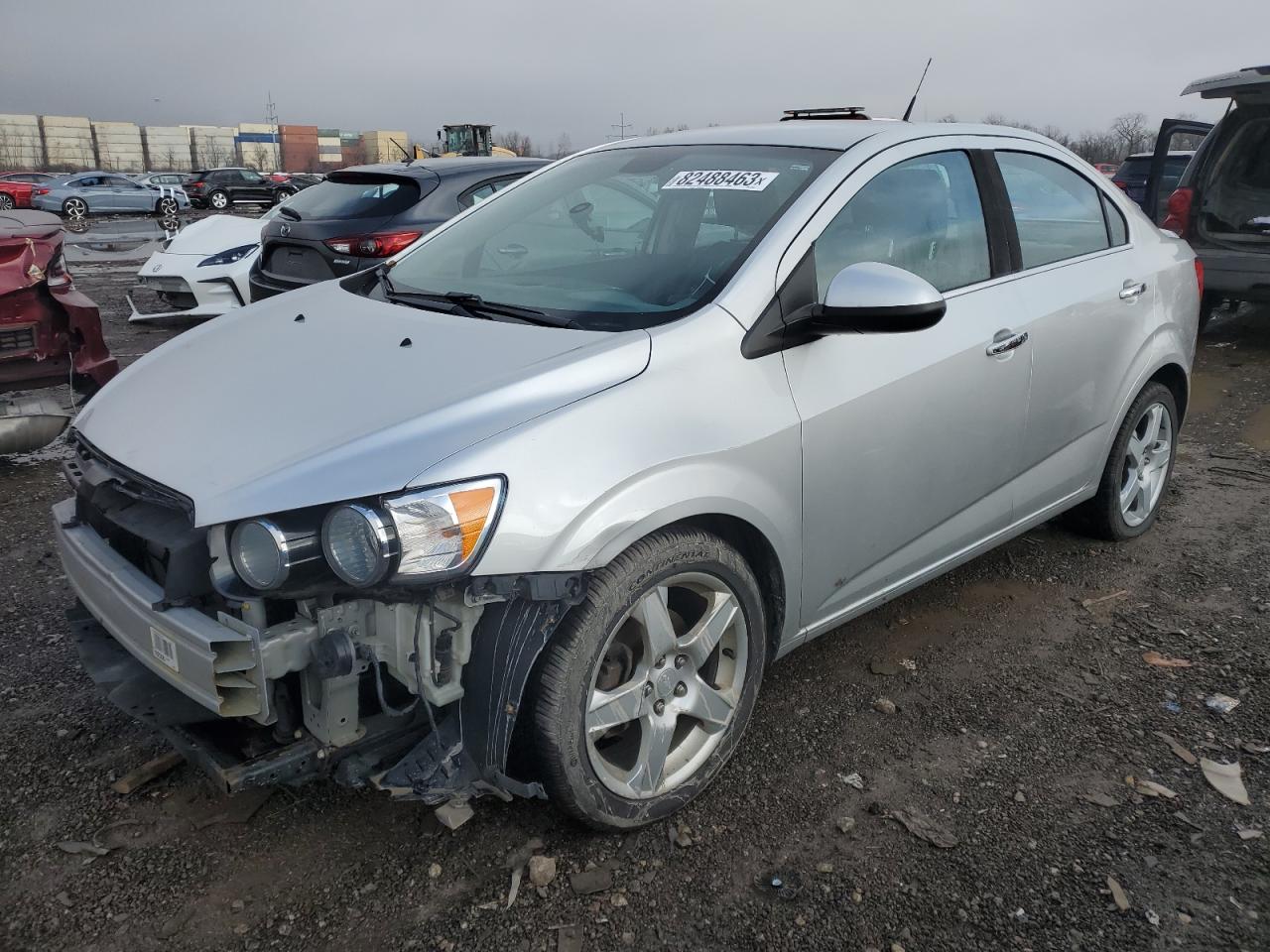 CHEVROLET SONIC 2013 1g1je5sh8d4127656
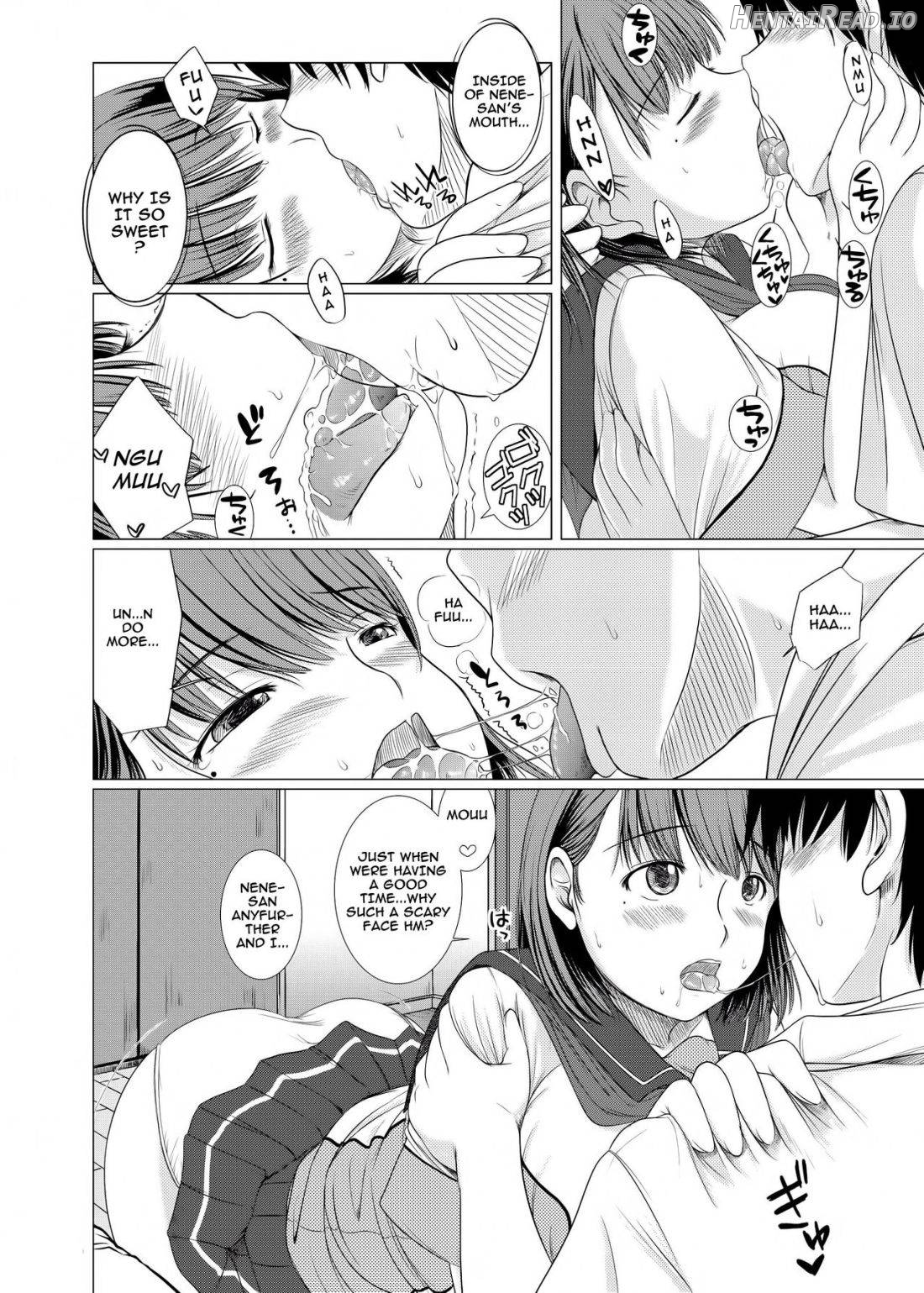 Nene-san no Gohoubi Chapter 1 - page 9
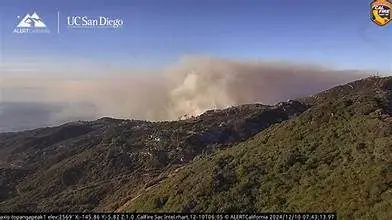 Simi valley Sandy fire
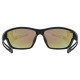 Brilles Uvex sportstyle 806 black matt / mirror blue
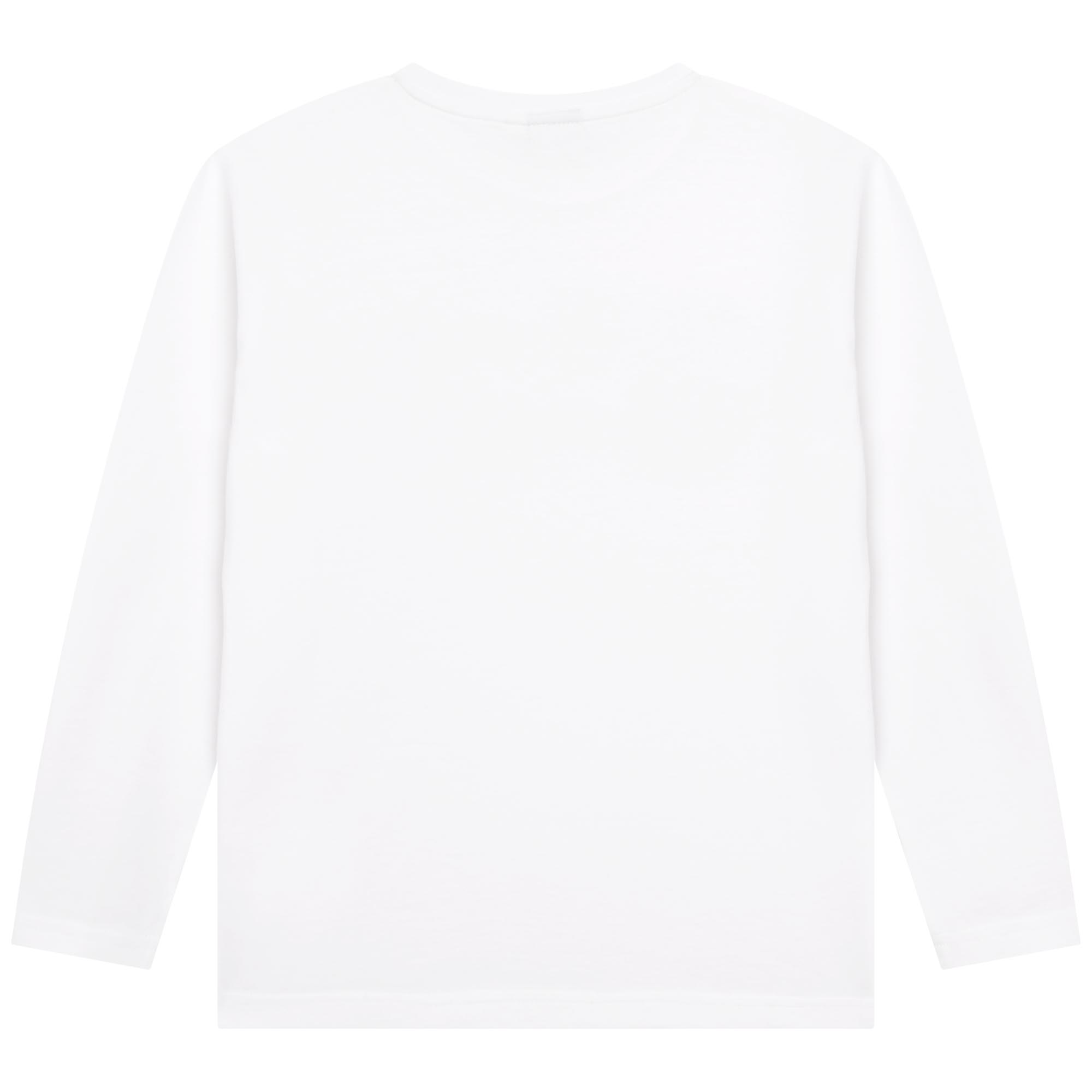 Long-sleeved cotton T-shirt BOSS for BOY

──────────────────────────────

* Task prompt
Copy the records exactly as they appear, leaving every picture out.

* Output for this exercise
 CHEVROLET SONIC 2013 1g1je5sh8d4127656
 Nene-san no Gohoubi Chapter 1 - page 9
 Simi valley Sandy fire
 Brilles Uvex sportstyle 806 black matt / mirror blue
 Long-sleeved cotton T-shirt BOSS for BOY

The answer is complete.